Exercise directions: A word-for-word copy of the records below is needed, without the images.

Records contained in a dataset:
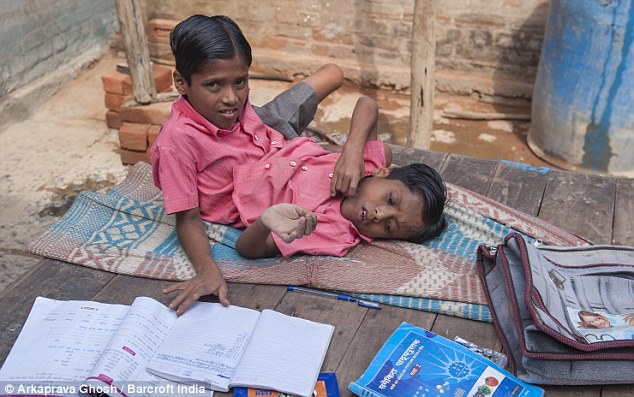 Cuộc sống thường nhật của hai bé trai song sinh dính liền Cuộc sống thường nhật của hai bé trai song sinh dính liền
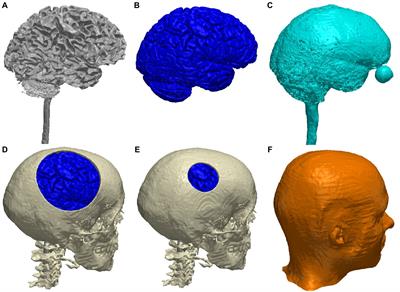 Optimized high-definition tDCS in patients with skull defects and skull plates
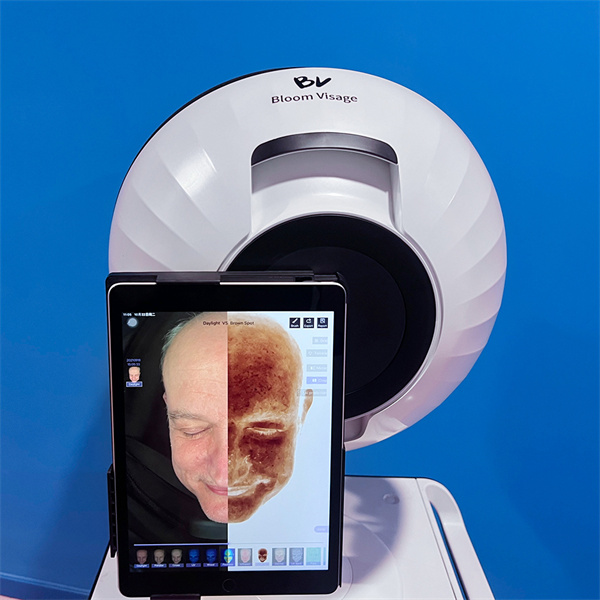 Unveiling the True State of Your Skin with Precision Accuracy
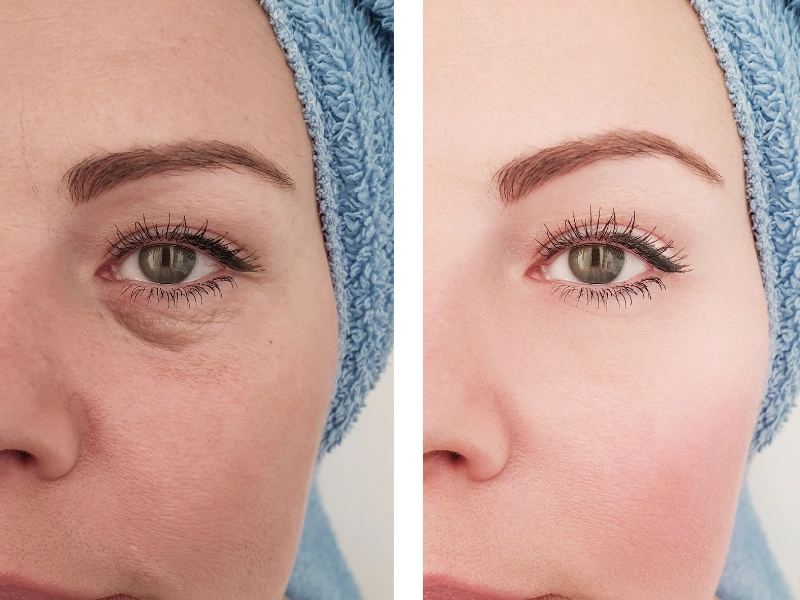 rf microneedling before and after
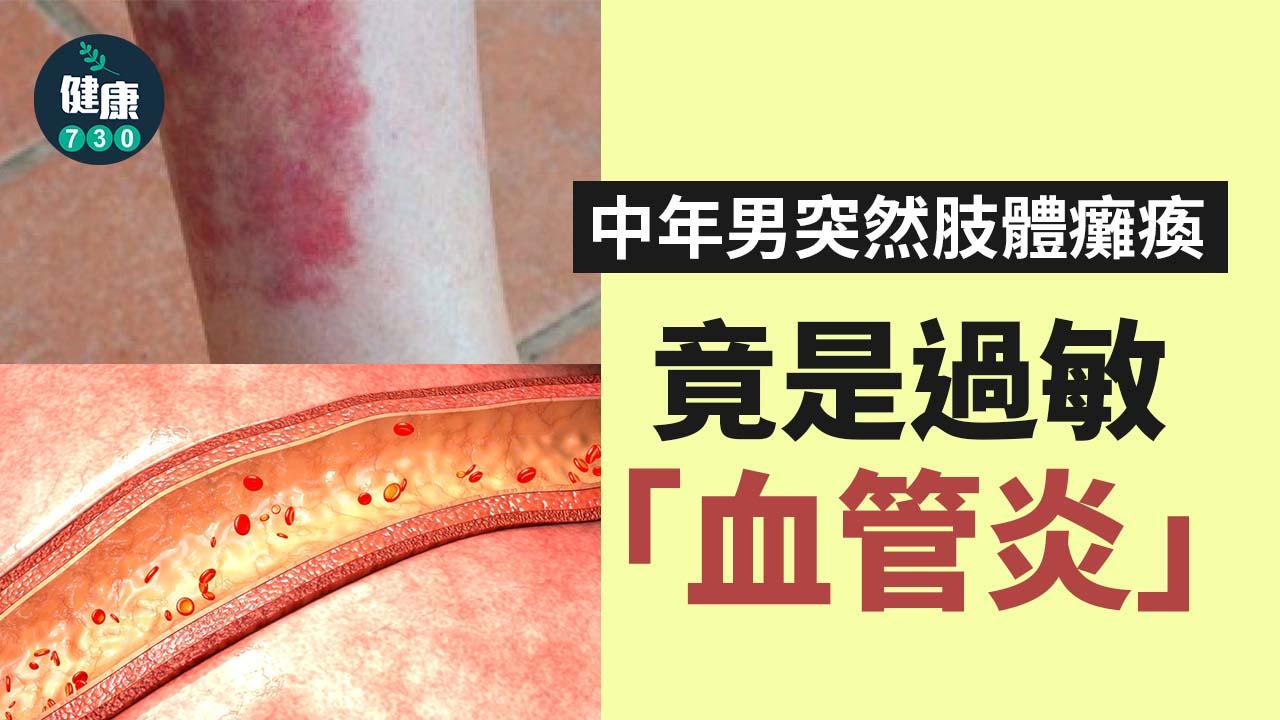 中年男突然肢體癱瘓 竟是過敏「血管炎」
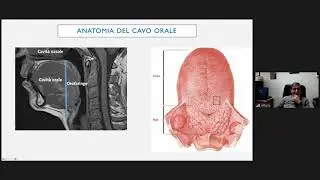 21.6) Le patologie neoplastiche del cavo orale - Prof. Arturo Brunetti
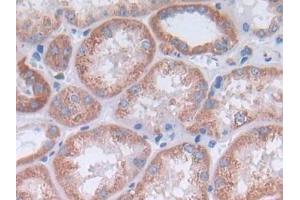 IHC-P analysis of Kidney tissue, with DAB staining. (IL-4 anticorps  (AA 25-153))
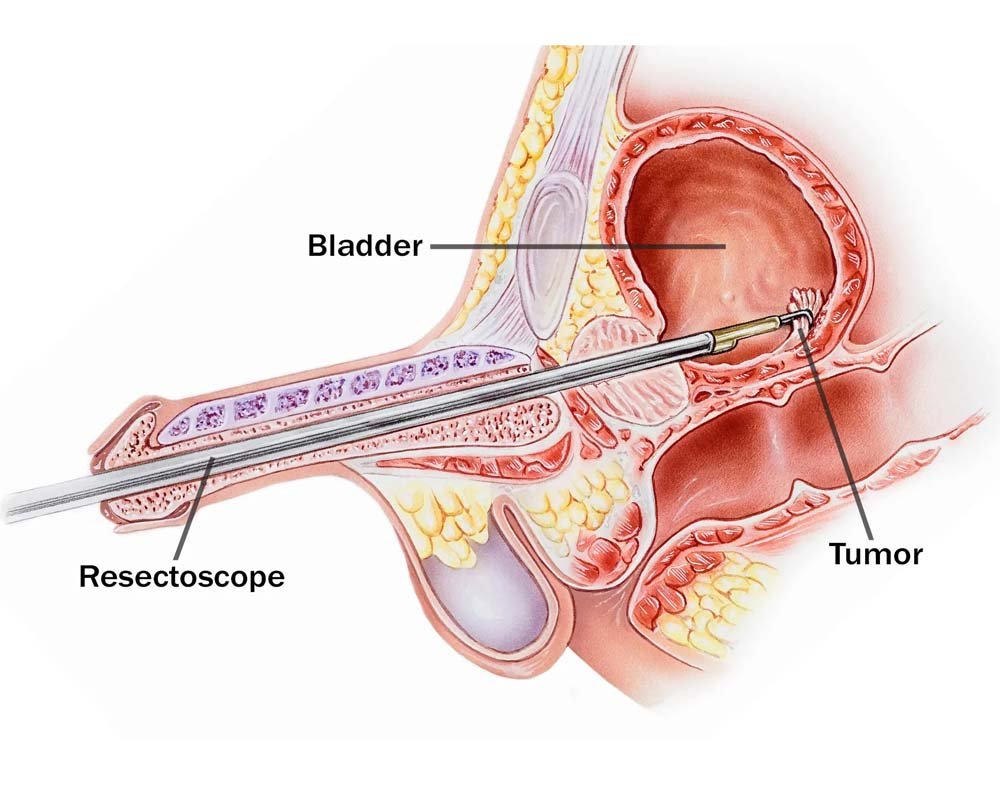 Bladder Tumor Surgery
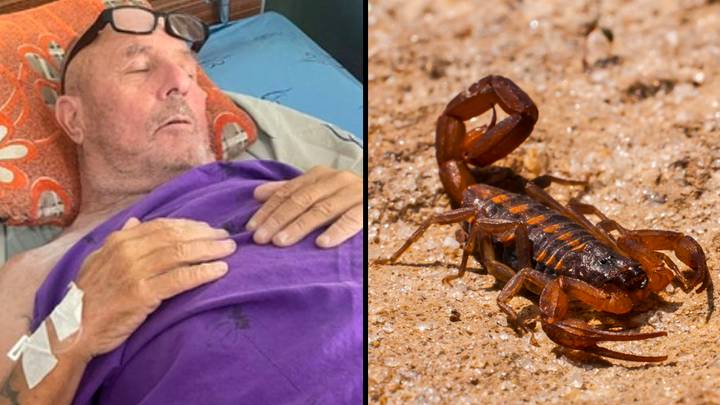 Brit dad could lose leg after being stung by a scorpion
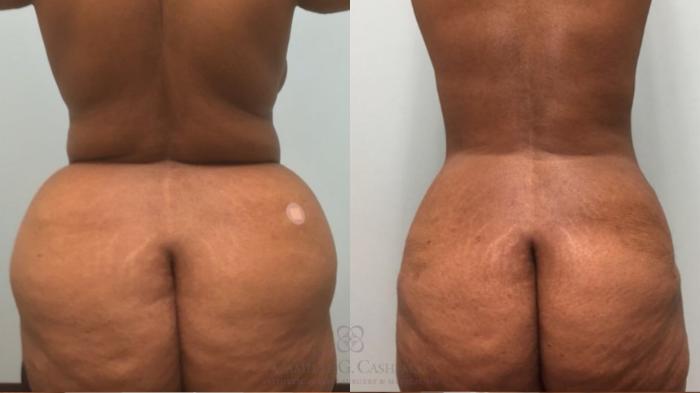 Before & After Tummy Tuck Case 181 back 2 View in Houston, TX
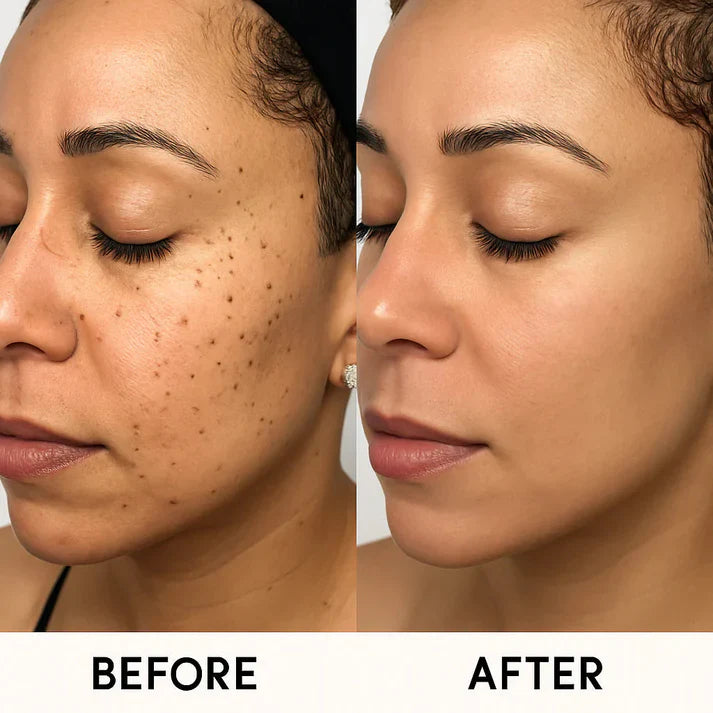 MedSkin Laser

Expected output:
 Cuộc sống thường nhật của hai bé trai song sinh dính liền Cuộc sống thường nhật của hai bé trai song sinh dính liền
 Optimized high-definition tDCS in patients with skull defects and skull plates
 Unveiling the True State of Your Skin with Precision Accuracy
 rf microneedling before and after
 中年男突然肢體癱瘓 竟是過敏「血管炎」
 21.6) Le patologie neoplastiche del cavo orale - Prof. Arturo Brunetti
 IHC-P analysis of Kidney tissue, with DAB staining. (IL-4 anticorps  (AA 25-153))
 Bladder Tumor Surgery
 Brit dad could lose leg after being stung by a scorpion
 Before & After Tummy Tuck Case 181 back 2 View in Houston, TX
 MedSkin Laser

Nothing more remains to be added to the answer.